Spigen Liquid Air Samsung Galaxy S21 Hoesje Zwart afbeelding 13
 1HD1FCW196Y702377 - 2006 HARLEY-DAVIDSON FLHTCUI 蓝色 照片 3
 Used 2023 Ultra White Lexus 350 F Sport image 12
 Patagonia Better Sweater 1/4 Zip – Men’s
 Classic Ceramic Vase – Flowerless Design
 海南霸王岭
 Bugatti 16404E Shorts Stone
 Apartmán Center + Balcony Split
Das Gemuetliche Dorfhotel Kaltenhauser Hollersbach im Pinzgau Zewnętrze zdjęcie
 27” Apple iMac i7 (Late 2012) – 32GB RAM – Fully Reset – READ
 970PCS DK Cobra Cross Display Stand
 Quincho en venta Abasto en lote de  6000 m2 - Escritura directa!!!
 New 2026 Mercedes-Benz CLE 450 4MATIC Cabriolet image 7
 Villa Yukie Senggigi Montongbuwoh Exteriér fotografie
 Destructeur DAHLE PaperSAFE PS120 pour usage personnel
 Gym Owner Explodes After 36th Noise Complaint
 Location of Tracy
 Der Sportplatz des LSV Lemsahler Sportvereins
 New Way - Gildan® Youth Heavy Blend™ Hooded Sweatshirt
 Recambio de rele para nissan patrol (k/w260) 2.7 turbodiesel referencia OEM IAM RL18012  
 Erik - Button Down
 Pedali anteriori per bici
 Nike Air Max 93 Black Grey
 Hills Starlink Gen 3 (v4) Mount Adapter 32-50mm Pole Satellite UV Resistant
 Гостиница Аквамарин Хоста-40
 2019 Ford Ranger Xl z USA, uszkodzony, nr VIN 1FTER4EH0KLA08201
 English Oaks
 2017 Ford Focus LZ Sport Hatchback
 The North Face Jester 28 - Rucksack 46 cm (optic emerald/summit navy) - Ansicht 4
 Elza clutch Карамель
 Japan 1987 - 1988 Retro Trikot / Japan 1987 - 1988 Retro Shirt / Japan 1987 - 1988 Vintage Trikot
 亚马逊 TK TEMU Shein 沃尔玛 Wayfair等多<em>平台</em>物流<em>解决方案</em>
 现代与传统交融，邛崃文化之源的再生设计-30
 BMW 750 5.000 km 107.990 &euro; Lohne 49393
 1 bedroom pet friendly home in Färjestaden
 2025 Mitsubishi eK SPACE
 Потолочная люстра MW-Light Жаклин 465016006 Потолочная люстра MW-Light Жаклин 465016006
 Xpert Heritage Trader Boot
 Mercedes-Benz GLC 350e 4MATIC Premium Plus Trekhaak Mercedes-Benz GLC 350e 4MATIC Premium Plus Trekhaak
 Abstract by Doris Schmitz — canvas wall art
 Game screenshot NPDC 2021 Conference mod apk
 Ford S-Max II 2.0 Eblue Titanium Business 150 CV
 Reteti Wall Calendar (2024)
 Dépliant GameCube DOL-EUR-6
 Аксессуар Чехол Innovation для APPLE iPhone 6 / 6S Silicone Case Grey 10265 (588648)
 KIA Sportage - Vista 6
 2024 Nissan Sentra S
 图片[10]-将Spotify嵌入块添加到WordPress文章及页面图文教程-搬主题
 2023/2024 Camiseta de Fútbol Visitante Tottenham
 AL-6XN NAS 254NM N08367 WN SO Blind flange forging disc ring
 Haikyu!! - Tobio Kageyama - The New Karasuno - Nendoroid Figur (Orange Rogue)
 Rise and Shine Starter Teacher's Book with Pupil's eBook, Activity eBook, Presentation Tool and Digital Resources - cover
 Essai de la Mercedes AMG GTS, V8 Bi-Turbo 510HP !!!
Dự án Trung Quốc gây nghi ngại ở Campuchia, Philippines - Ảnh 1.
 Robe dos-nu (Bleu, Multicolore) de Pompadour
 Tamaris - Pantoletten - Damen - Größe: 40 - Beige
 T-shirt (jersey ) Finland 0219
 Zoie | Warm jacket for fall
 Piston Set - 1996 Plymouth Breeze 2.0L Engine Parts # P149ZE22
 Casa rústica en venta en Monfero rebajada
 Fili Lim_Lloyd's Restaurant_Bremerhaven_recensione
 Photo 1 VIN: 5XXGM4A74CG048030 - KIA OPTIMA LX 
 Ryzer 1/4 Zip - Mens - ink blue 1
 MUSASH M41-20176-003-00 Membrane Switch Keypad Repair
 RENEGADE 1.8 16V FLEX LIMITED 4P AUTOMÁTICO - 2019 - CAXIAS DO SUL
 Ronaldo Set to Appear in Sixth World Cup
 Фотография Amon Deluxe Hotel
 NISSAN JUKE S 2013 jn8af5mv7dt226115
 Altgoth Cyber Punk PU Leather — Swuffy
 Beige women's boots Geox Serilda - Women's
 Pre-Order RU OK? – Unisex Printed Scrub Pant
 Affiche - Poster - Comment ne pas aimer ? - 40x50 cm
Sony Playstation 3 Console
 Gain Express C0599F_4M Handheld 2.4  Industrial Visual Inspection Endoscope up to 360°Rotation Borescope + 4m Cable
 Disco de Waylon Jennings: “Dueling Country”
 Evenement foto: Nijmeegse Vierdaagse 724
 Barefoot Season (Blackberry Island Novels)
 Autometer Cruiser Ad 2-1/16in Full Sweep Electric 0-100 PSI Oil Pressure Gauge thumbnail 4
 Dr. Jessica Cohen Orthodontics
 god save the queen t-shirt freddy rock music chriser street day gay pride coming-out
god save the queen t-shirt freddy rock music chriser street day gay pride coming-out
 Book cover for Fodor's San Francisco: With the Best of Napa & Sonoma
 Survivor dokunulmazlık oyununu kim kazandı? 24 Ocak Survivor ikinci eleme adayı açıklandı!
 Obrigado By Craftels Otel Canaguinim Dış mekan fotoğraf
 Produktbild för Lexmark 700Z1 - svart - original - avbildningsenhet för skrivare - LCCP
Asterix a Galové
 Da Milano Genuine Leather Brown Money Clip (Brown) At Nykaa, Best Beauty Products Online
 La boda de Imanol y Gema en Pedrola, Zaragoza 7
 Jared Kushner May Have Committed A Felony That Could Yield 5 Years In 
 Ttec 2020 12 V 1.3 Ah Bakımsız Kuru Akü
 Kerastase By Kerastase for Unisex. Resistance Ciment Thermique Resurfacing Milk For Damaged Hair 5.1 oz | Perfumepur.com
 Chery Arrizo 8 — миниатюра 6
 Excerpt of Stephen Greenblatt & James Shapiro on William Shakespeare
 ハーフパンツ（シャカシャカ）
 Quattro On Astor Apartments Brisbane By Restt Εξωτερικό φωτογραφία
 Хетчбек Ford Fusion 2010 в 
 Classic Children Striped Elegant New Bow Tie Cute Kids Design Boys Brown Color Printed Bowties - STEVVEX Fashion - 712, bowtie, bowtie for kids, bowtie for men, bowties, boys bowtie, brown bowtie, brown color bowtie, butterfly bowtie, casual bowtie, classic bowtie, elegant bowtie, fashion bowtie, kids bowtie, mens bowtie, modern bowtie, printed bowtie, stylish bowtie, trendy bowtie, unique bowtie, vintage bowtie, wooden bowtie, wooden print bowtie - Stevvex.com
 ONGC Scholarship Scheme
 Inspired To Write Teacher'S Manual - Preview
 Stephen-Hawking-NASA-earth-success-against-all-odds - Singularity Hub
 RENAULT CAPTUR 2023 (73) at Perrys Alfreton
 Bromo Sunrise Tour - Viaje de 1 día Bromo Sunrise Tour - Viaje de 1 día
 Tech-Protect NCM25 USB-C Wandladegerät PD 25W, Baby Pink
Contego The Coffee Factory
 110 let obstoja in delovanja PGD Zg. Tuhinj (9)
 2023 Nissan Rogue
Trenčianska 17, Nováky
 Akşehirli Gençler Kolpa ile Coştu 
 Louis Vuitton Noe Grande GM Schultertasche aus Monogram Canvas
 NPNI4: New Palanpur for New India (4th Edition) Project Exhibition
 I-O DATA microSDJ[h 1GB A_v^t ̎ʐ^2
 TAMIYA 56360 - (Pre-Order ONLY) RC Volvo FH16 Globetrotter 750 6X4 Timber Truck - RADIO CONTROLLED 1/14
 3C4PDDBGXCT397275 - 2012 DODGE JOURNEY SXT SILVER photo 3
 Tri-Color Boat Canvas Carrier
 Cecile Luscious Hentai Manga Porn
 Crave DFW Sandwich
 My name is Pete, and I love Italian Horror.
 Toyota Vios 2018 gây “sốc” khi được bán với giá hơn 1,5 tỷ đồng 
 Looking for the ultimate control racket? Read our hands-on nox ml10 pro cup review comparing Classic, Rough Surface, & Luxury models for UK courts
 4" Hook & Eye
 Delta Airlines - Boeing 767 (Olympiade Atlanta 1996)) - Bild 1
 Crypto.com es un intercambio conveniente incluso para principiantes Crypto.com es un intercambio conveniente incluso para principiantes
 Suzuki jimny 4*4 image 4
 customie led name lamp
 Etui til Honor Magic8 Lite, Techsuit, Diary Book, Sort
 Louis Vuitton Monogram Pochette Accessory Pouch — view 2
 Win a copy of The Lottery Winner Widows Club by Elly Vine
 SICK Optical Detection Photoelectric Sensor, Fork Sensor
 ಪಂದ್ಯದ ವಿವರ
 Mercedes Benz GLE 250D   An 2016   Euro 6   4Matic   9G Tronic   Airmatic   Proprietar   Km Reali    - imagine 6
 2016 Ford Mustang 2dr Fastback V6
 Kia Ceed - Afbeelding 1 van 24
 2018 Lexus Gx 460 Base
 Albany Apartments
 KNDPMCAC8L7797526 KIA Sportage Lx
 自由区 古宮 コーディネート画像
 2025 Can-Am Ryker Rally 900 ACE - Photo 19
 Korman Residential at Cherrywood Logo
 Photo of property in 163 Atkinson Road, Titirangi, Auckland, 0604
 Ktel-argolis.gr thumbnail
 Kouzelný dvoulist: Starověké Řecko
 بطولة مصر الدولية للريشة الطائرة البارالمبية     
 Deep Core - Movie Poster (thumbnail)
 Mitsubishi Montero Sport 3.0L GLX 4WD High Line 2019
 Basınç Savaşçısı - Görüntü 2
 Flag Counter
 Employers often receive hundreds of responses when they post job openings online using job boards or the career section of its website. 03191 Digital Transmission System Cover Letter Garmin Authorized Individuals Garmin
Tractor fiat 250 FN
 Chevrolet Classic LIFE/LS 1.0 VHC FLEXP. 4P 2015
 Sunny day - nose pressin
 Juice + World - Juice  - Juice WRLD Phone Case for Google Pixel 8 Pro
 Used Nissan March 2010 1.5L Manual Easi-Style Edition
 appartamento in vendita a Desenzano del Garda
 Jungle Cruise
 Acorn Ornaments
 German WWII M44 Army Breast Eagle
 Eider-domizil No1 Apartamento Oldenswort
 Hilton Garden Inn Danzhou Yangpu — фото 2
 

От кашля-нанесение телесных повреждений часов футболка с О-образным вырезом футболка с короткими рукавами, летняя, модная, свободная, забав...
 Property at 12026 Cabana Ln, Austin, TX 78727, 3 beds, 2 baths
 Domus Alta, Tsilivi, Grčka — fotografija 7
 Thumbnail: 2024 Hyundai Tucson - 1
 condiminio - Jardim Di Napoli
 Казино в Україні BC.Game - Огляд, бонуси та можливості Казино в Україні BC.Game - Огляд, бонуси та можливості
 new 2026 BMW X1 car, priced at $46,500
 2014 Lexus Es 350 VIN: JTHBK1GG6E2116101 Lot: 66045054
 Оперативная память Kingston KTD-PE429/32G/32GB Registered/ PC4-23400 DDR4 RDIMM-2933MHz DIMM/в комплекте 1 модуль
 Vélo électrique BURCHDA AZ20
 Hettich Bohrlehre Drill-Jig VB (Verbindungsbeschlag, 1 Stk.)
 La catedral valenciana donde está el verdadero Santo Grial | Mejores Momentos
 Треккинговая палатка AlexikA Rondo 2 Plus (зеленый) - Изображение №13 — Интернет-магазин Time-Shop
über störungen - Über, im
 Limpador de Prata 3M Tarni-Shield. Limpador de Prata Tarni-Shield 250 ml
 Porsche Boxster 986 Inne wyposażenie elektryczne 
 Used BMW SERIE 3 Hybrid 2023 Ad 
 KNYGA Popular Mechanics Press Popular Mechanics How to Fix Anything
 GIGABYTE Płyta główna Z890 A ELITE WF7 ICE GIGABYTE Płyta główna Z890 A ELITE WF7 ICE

§ **Action item**:
Using the listing above, show each line with the word "Leather" in it.

§ **Task result**:
 Altgoth Cyber Punk PU Leather — Swuffy
 Da Milano Genuine Leather Brown Money Clip (Brown) At Nykaa, Best Beauty Products Online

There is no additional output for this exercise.